Selon l’Institut de recherche de l’Aquarium de Monterey, près de 90 % des animaux vivant dans les grandes profondeurs marines sont capables de produire leur propre lumière. Ce phénomène, appelé bioluminescence, fascine les chercheurs depuis des décennies. Il s'agit d'une émission de lumière visible générée par une réaction chimique interne, sans chaleur, généralement grâce à une enzyme appelée luciférase et à un substrat, la luciférine.
Dans les abysses, là où la lumière du soleil ne pénètre plus, l’obscurité est quasi totale. Produire de la lumière devient alors une stratégie précieuse pour survivre. Méduses, poissons, calmars ou crevettes ont ainsi développé cette capacité à « s’illuminer », souvent de manière brève et ciblée, selon leurs besoins. Mais pourquoi précisément ?
Une lumière aux multiples usages
Contrairement à ce que l’on pourrait penser, la lumière ne sert pas à « voir » au sens classique du terme, mais plutôt à communiquer, se défendre, chasser ou se reproduire.
L’un des usages les plus fréquents de la bioluminescence est la défense.
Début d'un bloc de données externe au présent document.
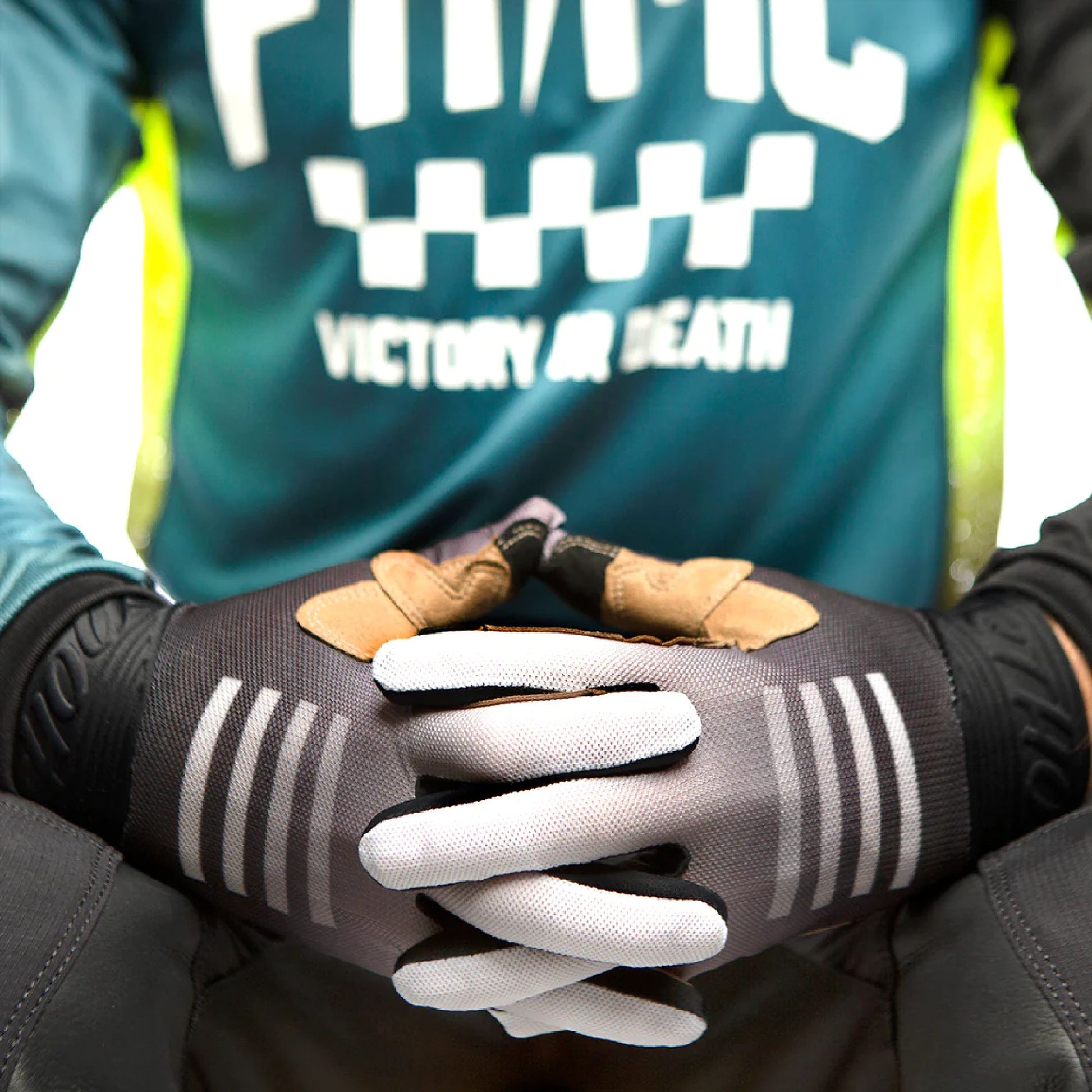 Fasthouse Blitz Fader Glove Black White Bike Gloves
Lorsqu’un animal se sent menacé, il peut émettre un flash lumineux soudain. Cette lumière soudaine, dans un environnement par ailleurs parfaitement noir, peut désorienter ou effrayer un prédateur. Dans certains cas, elle agit comme un leurre ou un leurre inversé : en émettant un signal, l’animal détourne l’attention de son corps pour prendre la fuite. D’autres espèces libèrent carrément des nuages lumineux dans l’eau, comme une sorte d’encre phosphorescente.

Paradoxalement, cette lumière peut aussi avoir un effet dissuasif. Certains chercheurs avancent l’hypothèse que, dans les abysses, être lumineux peut envoyer un signal de danger : l’animal pourrait paraître toxique, urticant ou armé, même s’il ne l’est pas. Une forme de bluff naturel, en somme.
La bioluminescence est également un outil de chasse redoutable. Des poissons comme le célèbre poisson-lanterne possèdent un appendice lumineux au-dessus de la tête qui attire les proies, séduites par cette lueur mystérieuse au milieu des ténèbres. Dès que la proie s’approche, elle est happée.
Enfin, la lumière est aussi un moyen de communication entre individus d’une même espèce, notamment lors de la reproduction. Dans l’immensité noire des fonds marins, où il est difficile de repérer un congénère, produire une lumière distinctive permet d’attirer un partenaire ou de se faire reconnaître.
Une fonction encore pleine de mystères
Malgré les nombreuses études menées, les scientifiques n'ont pas encore percé tous les secrets de la bioluminescence. Pourquoi certaines espèces l'utilisent-elles dans certaines situations et pas dans d'autres ? Pourquoi certains animaux brillent en permanence alors que d'autres déclenchent la lumière uniquement sous la contrainte ? Les hypothèses sont nombreuses, mais les comportements observés varient d’une espèce à l’autre, et ne sont pas toujours prévisibles.

La bioluminescence est-elle dangereuse pour l’être humain ?
La lumière en elle-même n’est pas un signe de dangerosité. Certaines espèces bioluminescentes sont parfaitement inoffensives, voire comestibles. C’est le cas de nombreuses crevettes qui, une fois pêchées, continuent parfois à briller après cuisson si les bactéries responsables de cette luminescence ont survécu à la chaleur.
À l’inverse, certaines des méduses les plus dangereuses pour l’homme ne présentent aucune bioluminescence. Il n’existe donc aucune corrélation directe entre le fait de briller et celui d’être toxique ou venimeux. La bioluminescence est avant tout un outil d’adaptation à un environnement extrême, pas un indicateur de nocivité.